VIRILIO: Não são mais cidades, porém fenômenos de mutação, catástrofes que se preparam. O século XXI terá que reinventar a relação do homem com a terra. A grande questão ecológica, na verdade, é a cidade. Não é a poluição do ar, da fauna, da flora, porém a construção da cidade dos homens, a democracia. A primeira lei do urbanismo é a persistência do sítio. A segunda diz respeito à extensão da cidade. Quanto mais ela se estende e se torna densa, mais a unidade de população – a família – se reduz. Antigamente, as cidades eram pequenas e as famílias, grandes, tendo de cinquenta a cem pessoas. À medida que a cidade se desenvolve, a família extensa passa a ter vinte pessoas. No século XIX, já é a família burguesa. Depois é a família nuclear. Hoje, nas megalópoles, é a família monoparental, que larga os filhos, como em São Paulo. Chegamos à desintegração da unidade familiar – e não estou falando da família no sentido moral, mas sim como unidade de reprodução. A grande metrópole minou a base da espécie humana, e nós agora vemos bandos de crianças que sobrevivem roubando adultos. A cidade deixou de ser um lugar de socialização para se tornar um lugar de dessocialização.
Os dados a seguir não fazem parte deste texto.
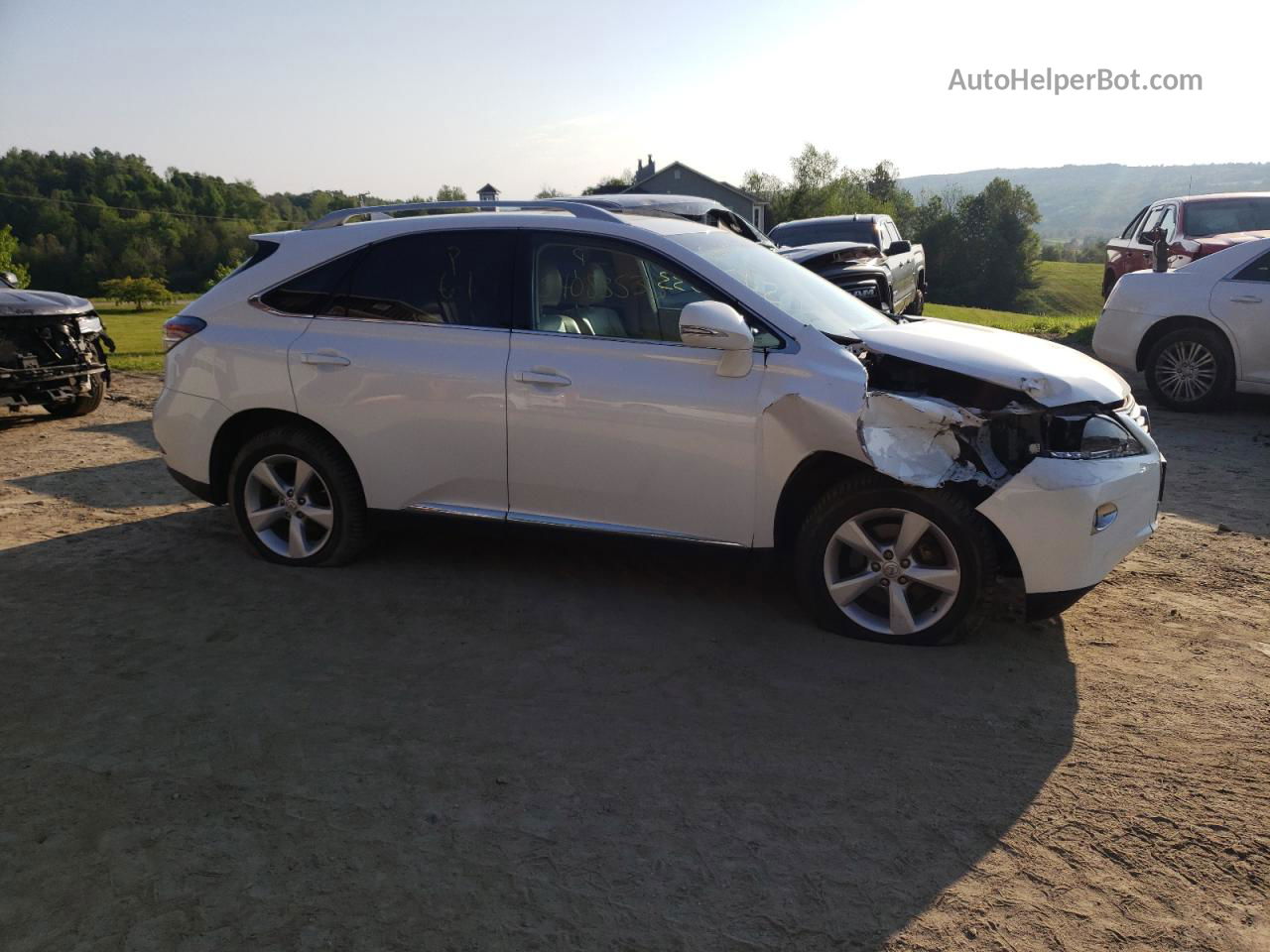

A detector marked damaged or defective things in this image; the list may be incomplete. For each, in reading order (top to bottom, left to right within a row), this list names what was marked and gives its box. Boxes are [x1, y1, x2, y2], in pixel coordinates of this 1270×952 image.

crumpled hood [0, 288, 94, 317]
wrecked vehicle [1, 268, 114, 416]
damaged suv [1, 268, 114, 416]
damaged suv [154, 200, 1167, 647]
wrecked vehicle [154, 200, 1167, 647]
crumpled hood [853, 315, 1127, 405]
broken headlight [1040, 413, 1143, 460] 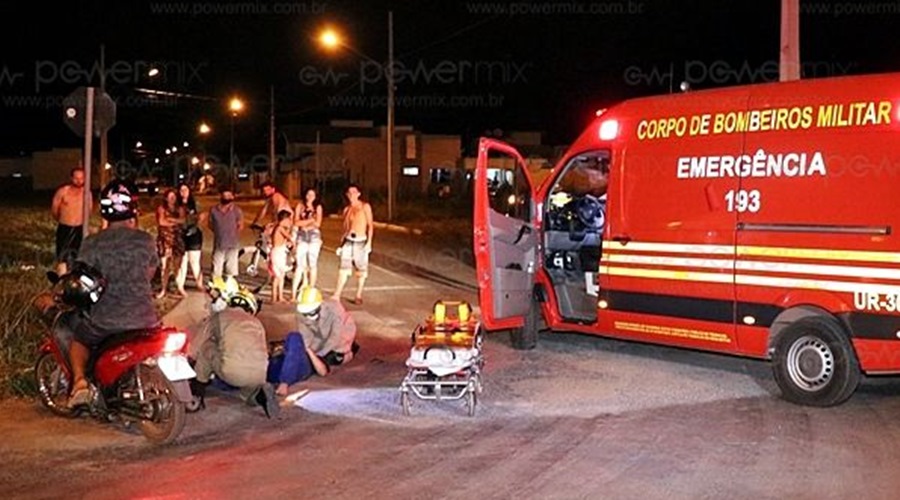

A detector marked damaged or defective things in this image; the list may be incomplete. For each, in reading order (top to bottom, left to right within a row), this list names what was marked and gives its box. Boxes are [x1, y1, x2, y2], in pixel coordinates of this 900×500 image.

crashed motorcycle [32, 270, 196, 446]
BM: Os ricos de São Paulo estão deixando a cidade. Vão para quarteirões inteiramente privados, a uma hora de distância do centro. Gostaria de saber se não é uma tendência geral.
VIRILIO: É. A direita americana quer inclusive o fim dos Estados Unidos e a formação de doze estados-cidades… Isso tudo porque as cidades atuais já não garantem a segurança. Uma cidade precisa dar segurança, que é o primeiro bem do cidadão. Em cidades imensas, como Los Angeles, Chicago, São Paulo, a paz civil não existe mais, e a democracia também não. Não é cidade, é selva.

REVOLTA POR PROCURAÇÃO TELEVISIVA

BM: Li num dos seus livros que as pessoas das cidades se associam por “procuração televisiva”com as pessoas de outra cidade e isso desencadeia as revoltas urbanas.
VIRILIO: Quando Soweto se revoltou, há alguns anos, houve manifestações em Brighton e em Marselha, que eu expliquei a partir de slogans. Um deles dizia: “Aqui é como Soweto”. Vendo as imagens, os ingleses e os franceses, cujas condições de vida eram completamente diferentes, imitavam os outros para se valorizar. A intifada teve grande influência nas revoltas da periferia de Paris. A televisão induz a tomar as cenas de violência como um modelo.

BM: O que é possível fazer para que, no século XXI, a vida nas cidades melhore?
VIRILIO: É preciso que a política controle a técnica. Nós estamos às vésperas de uma grande revolução, que vai agravar os efeitos da Revolução Industrial, ou seja, a revolução da informática, que significará o desemprego em massa, o fim do trabalho, da força do homem… Ora, nem todo mundo é Prêmio Nobel. Se o poder político não for capaz de controlar o desenvolvimento técnico dos robôs, dos sistemas de produção do mercado, rumaremos para uma sociedade que terá duas velocidades, formada por uma elite que viverá em bunkers e por miseráveis que vão atacá-la. O problema hoje é controlar o desenvolvimento técnico. Nós entramos num período de desemprego em massa, que é estrutural, e não conjuntural.